We therefore join our sister circuits in concluding that a defendant may show judicial abandonment through any one of the following ways: (1) the magistrate was biased against the defendant or otherwise personally interested in issuing the warrant; (2) the magistrate functionally occupied a different, non-neutral role while making the probable cause determination; or (3) the magistrate failed to review the requisite affidavits or materials prior to making a probable cause determination. See, e.g., United States v. Frazier, 423 F.3d 526, 537 (6th Cir. 2005) (concluding that the record did not support the defendant’s contention that the magistrate “issued the warrant without reading the affidavit” and therefore that the magistrate did not abandon his judicial role); United States v. Koerth, 312 F.3d 862, 869 (7th Cir. 2002) (concluding that the judge “complied with the requirement of acting as a neutral and detached magistrate” because there was no evidence that the judge had failed to read or review the affidavit before signing the warrant); United States v. Martin, 297 F.3d 1308, 1317 (11th Cir. 2002) (“It is clear to us that a magistrate judge should read the warrant and make his own independent assessment as to whether the warrant and its underlying affidavit contain a sufficient amount of information to support a finding of probable cause. A judge can be said to act as a mere ‘rubber stamp’ if he solely relies upon the fact that police officers are asking for the warrant.”); United States v. Mueller, 902 F.2d 336, 340 (5th Cir. 1990) (“Nothing suggests that the magistrate had any bias or interest in issuing the warrant, or that he dispensed with his neutral and detached position to become involved in the evidence-gathering related to issuance of the warrant as did the town justice in Lo-Ji Sales.”); see also 1 Wayne R. LaFave, Search and Seizure: A Treatise on the Fourth Amendment § 1.3(f) (5th ed. 2017) (“Though it is far from clear exactly what … falls within the [judicial abandonment] qualification in Leon, certainly the most likely possibility is that mentioned by the Court earlier in the Leon opinion: where the magistrate serves merely as a rubber stamp for the police.” (internal quotation marks and footnotes omitted)).

Where, as here, there is no evidence that the reviewing judge consulted any materials other than the criminal complaint prior to issuing a finding of probable cause, the defendant has met his burden of demonstrating judicial abandonment. See Koerth, 312 F.3d at 869. This, however, does not end our inquiry.

The Supreme Court emphasized in Leon that the judicial abandonment exception to the good faith exception operates “in such circumstances [when] no reasonably well trained officer should rely on the warrant.” 468 U.S. at 923. In the decades since Leon was decided, the Supreme Court has continued to stress that “the exclusionary rule is designed to deter police misconduct rather than to punish the errors of judges and magistrates.” Id. at 916. In Arizona v.
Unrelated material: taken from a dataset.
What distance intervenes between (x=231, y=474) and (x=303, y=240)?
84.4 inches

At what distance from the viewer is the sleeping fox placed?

Evans, 514 U.S. 1, 115 S. Ct. 1185, 131 L. Ed. 2d 34 (1995), the Supreme Court explained that “[w]here the exclusionary rule does not result in appreciable deterrence, then, clearly, its use is unwarranted.” Id. at 11 (internal quotation marks and alterations omitted). Because the “exclusionary rule was historically designed as a means of deterring police misconduct, not mistakes by court employees,” and there was “no basis for believing that application of the exclusionary rule in these circumstances will have a significant effect on . . . court clerks [who] are not adjuncts to the law enforcement team engaged in the often competitive enterprise of ferreting out crime,” the Court concluded that “clerical errors of court employees” were categorically exempted from the exclusionary rule. Id. at 14-16; see also Davis v. United States, 564 U.S. 229, 239, 131 S. Ct. 2419, 180 L. Ed. 2d 285 (2011) (summarizing the history of the good faith exception and explaining that the doctrine arose from an understanding that “punishing the errors of judges is not the office of the exclusionary rule” (internal quotation marks and alterations omitted)); Herring v. United States, 555 U.S. 135, 142, 129 S. Ct. 695, 172 L. Ed. 2d 496 (2009) (reiterating that Evans was based, in part, on the understanding that “[t]he exclusionary rule was crafted to curb police rather than judicial misconduct”); Massachusetts v. Sheppard, 468 U.S. 981, 990, 104 S. Ct. 3424, 82 L. Ed. 2d 737 (1984) (applying the good faith exception even though “[a]n error of constitutional dimensions may have been committed with respect to the issuance of the warrant,” because “it was the judge, not the police officers, who made the critical mistake.”).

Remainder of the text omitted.